NVIDIA / TransformerEngine

A library for accelerating Transformer models on NVIDIA GPUs, including using 8-bit floating point (FP8) precision on Hopper and Ada GPUs, to provide better performance with lower memory utilization in both training and inference.
https://docs.nvidia.com/deeplearning/transformer-engine/user-guide/index.html
Apache License 2.0
1.81k stars 300 forks source link

AssertionError: Device compute capability 8.9 or higher required for FP8 execution. #1159

Open kamrul-NSL opened 1 week ago

kamrul-NSL commented 1 week ago
import torch
import transformer_engine.pytorch as te
from transformer_engine.common import recipe

# Set dimensions.
in_features = 768
out_features = 3072
hidden_size = 2048
print("Initialization Complete!")
# Initialize model and inputs.
model = te.Linear(in_features, out_features, bias=True)
inp = torch.randn(hidden_size, in_features, device="cuda")

# Create an FP8 recipe. Note: All input args are optional.
fp8_recipe = recipe.DelayedScaling(margin=0, fp8_format=recipe.Format.E4M3)

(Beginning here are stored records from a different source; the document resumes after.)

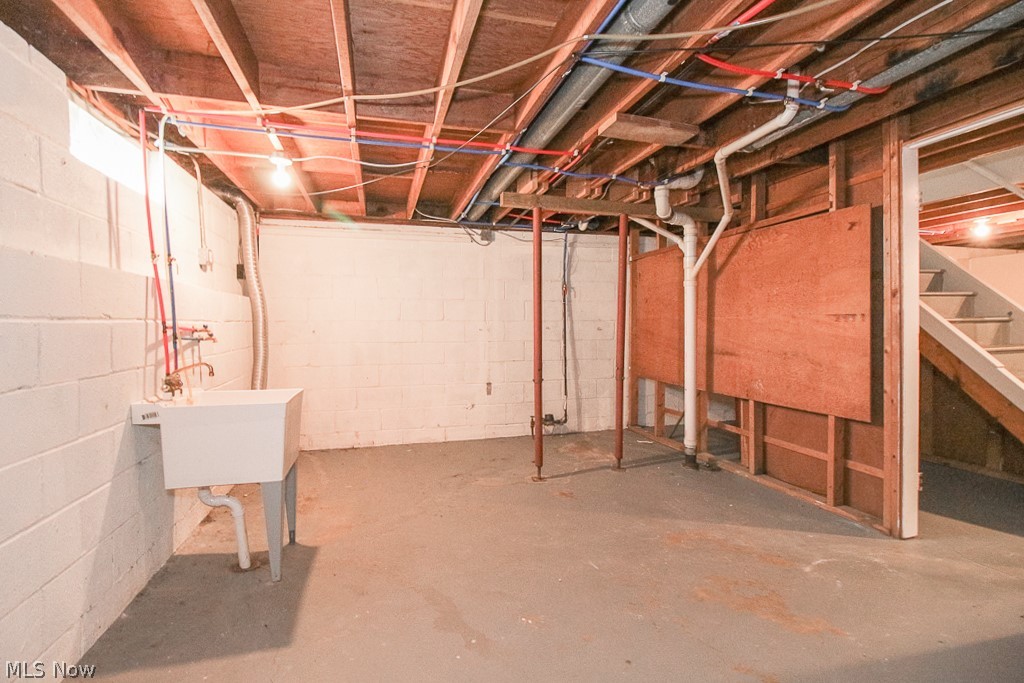 Columbus Heights - Residential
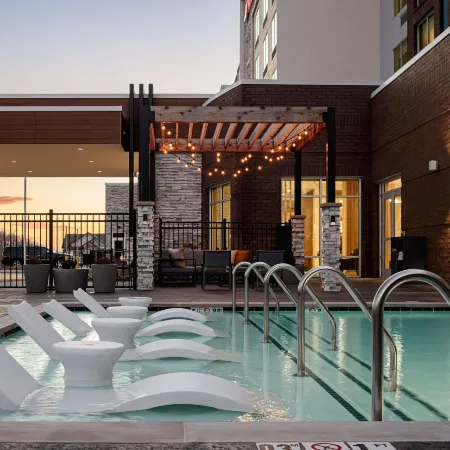 Hilton Garden Inn Mt.Juliet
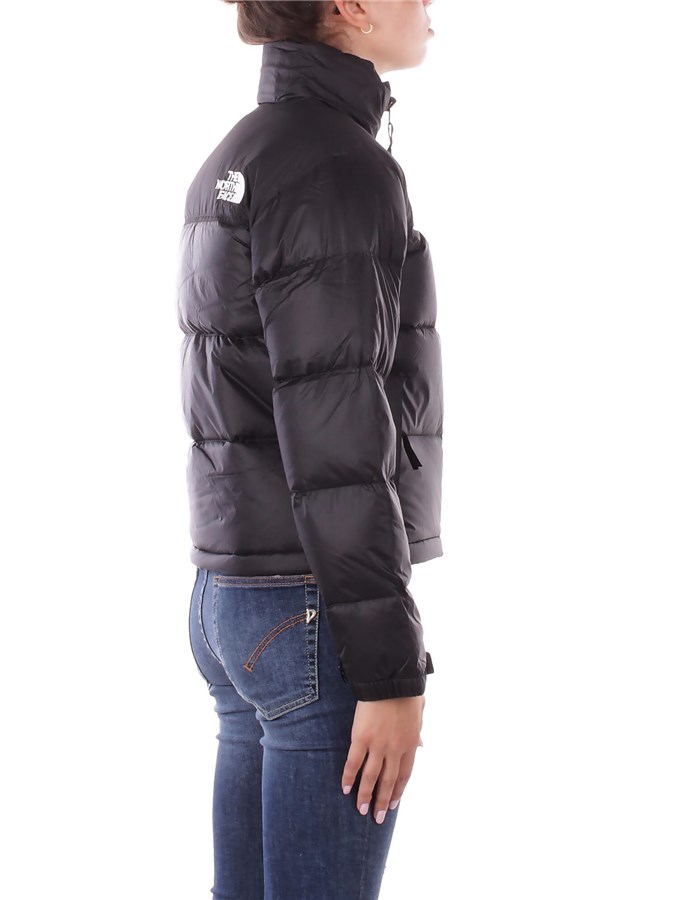 THE NORTH FACE Giubbotti Corti Donna NF0A3XEO 4 
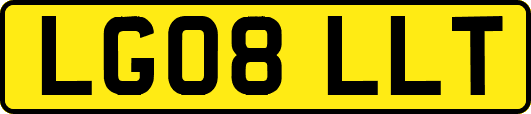 LG08LLT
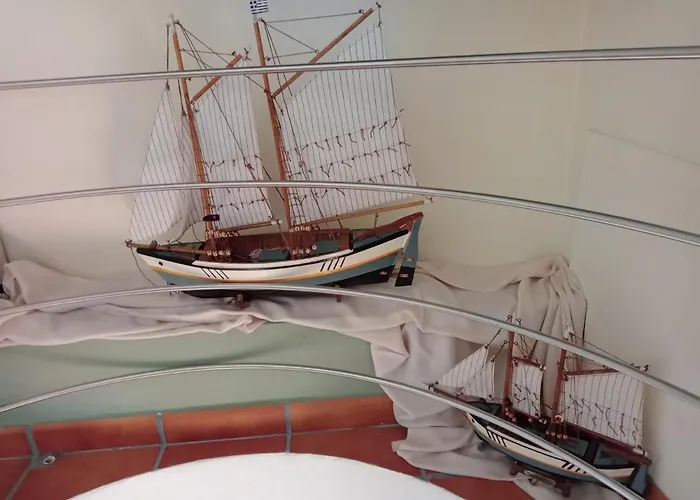 Sea La Vie! Apartman Vólosz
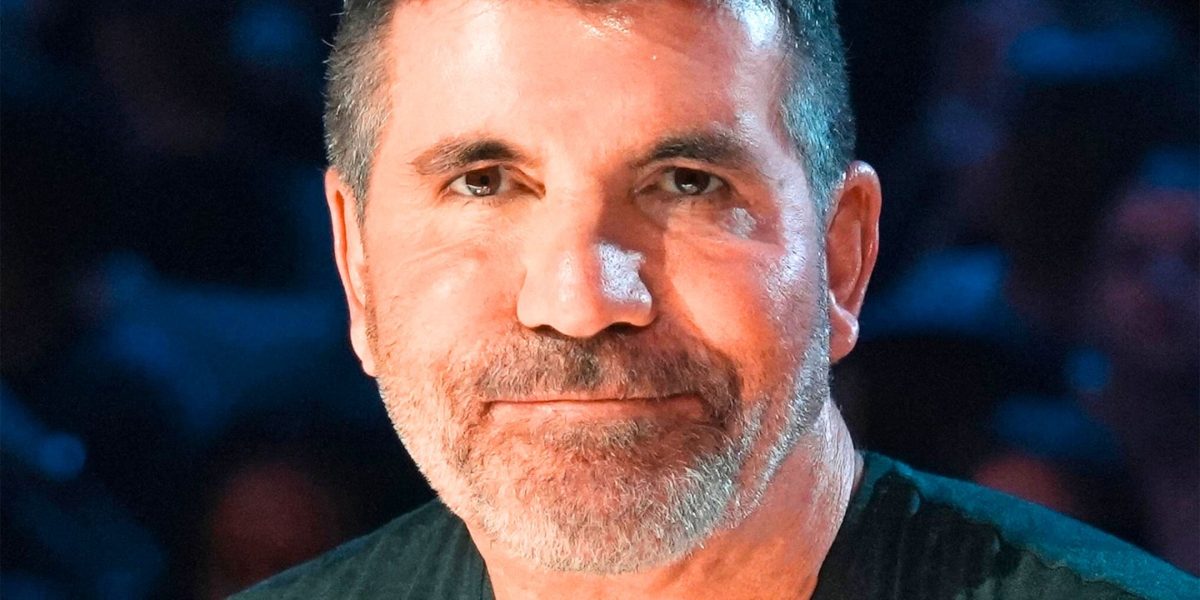 Simon Cowell de America's Got Talent se abuchean después de una audición emocional (spoilers)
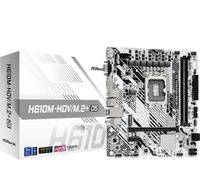 ASROCK H610M-HDV/M.2+ D5 (1700) (D)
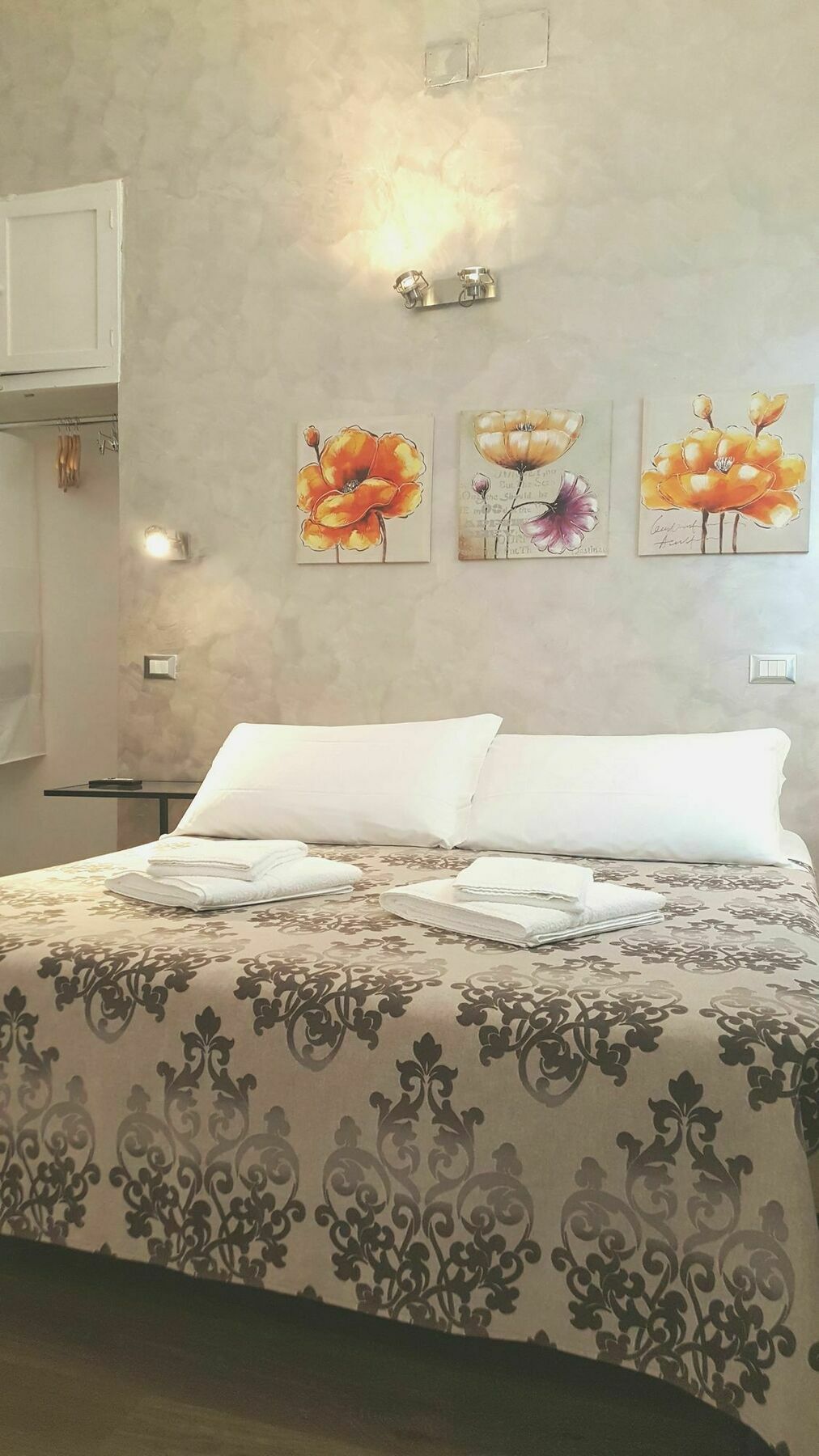 Marcelina Vaticans Rooms Roma Dış mekan fotoğraf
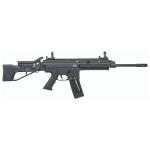 BLUE LINE SOLUTIONS MAUSER RIMFIRE M-15 22LR BLACK METAL RIFLE - 4150013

# Enable autocasting for the forward pass
with te.fp8_autocast(enabled=True, fp8_recipe=fp8_recipe):
    out = model(inp)

loss = out.sum()
loss.backward()

print("Done!!")

I am trying to use fp8 for an experiment purpose . I installed all the necessary packages according to Nvidia's instruction. But got this issues.

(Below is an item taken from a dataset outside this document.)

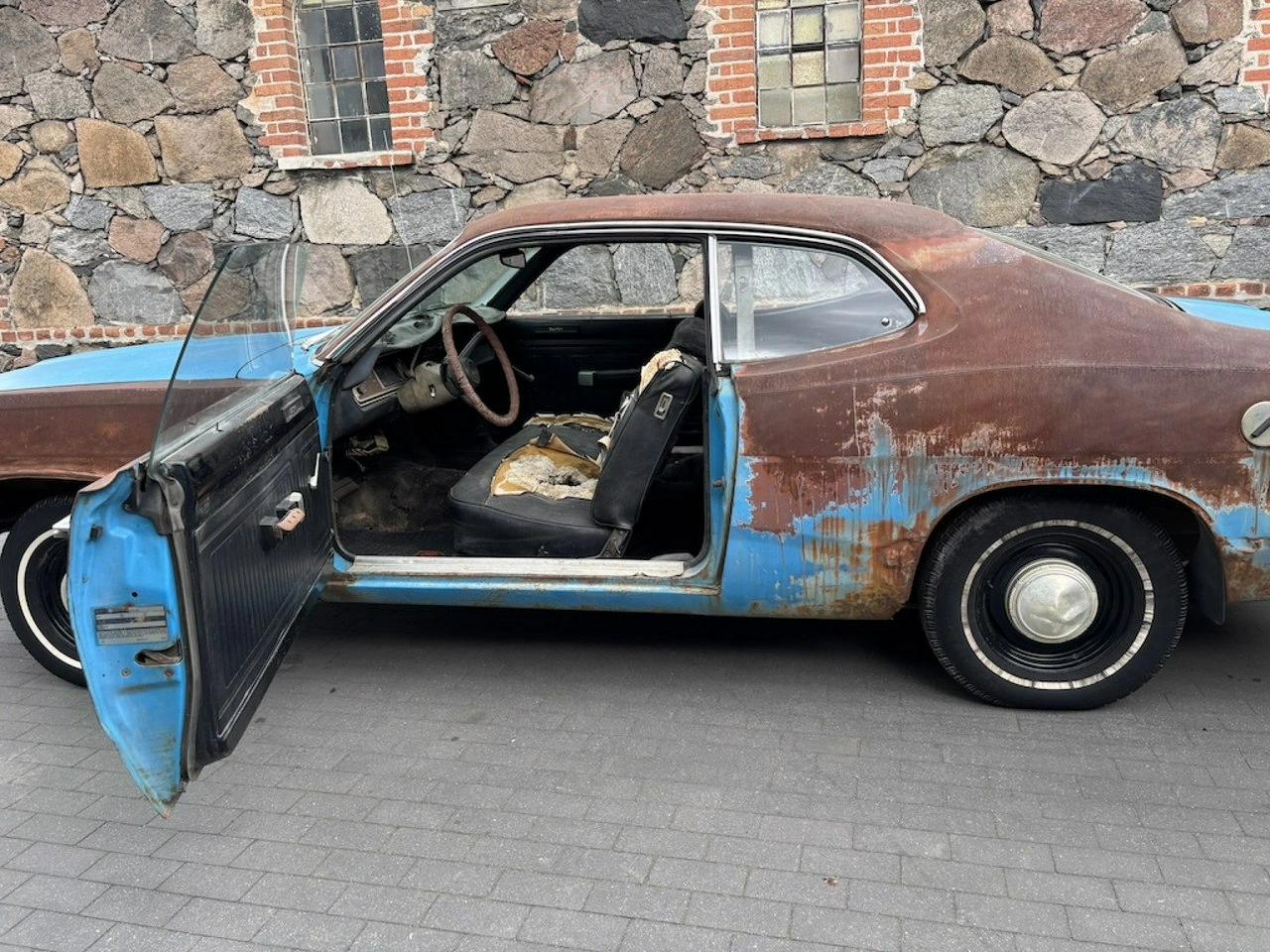 Plymouth Duster - Zdjęcie 7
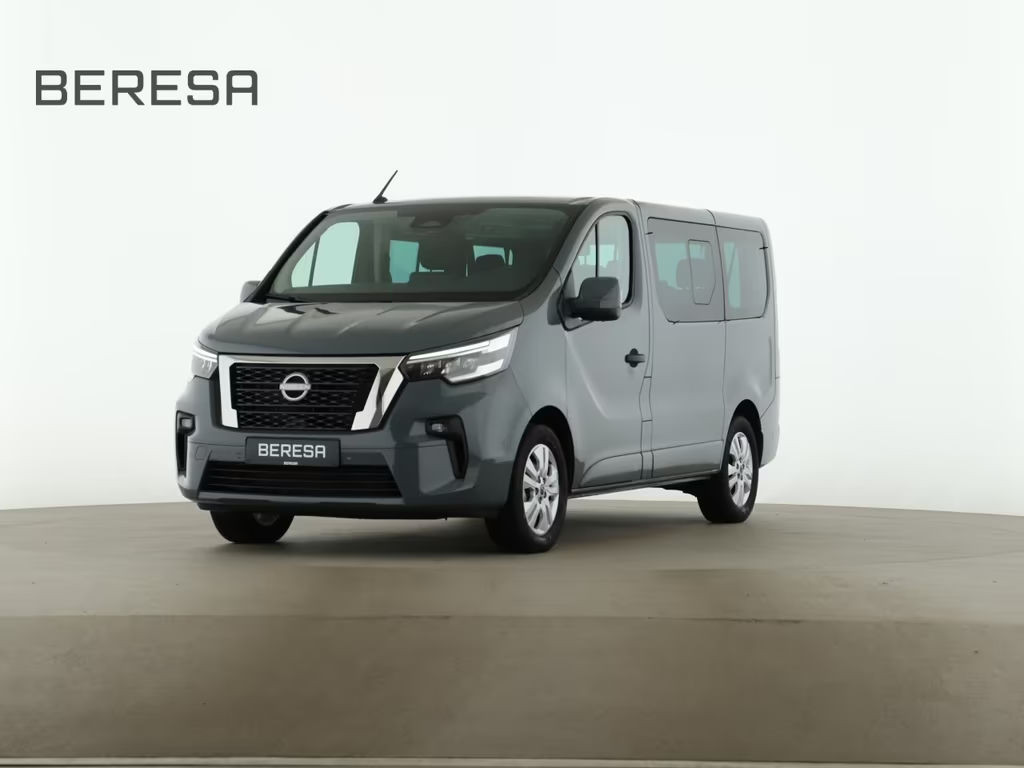 Nissan Primastar dCi 150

 assert fp8_available, reason_for_no_fp8
AssertionError: Device compute capability 8.9 or higher required for FP8 execution.

In my machine I am using NVIDIA GeForce RTX 3090. And it contains nvidia-smi --query-gpu=compute_cap --format=csv compute_cap 8.6

Is it possible to use fp8 on 3090 GPU?

ptrendx commented 1 week ago

RTX 3090 is using Ampere architecture, which does not have support for FP8 execution.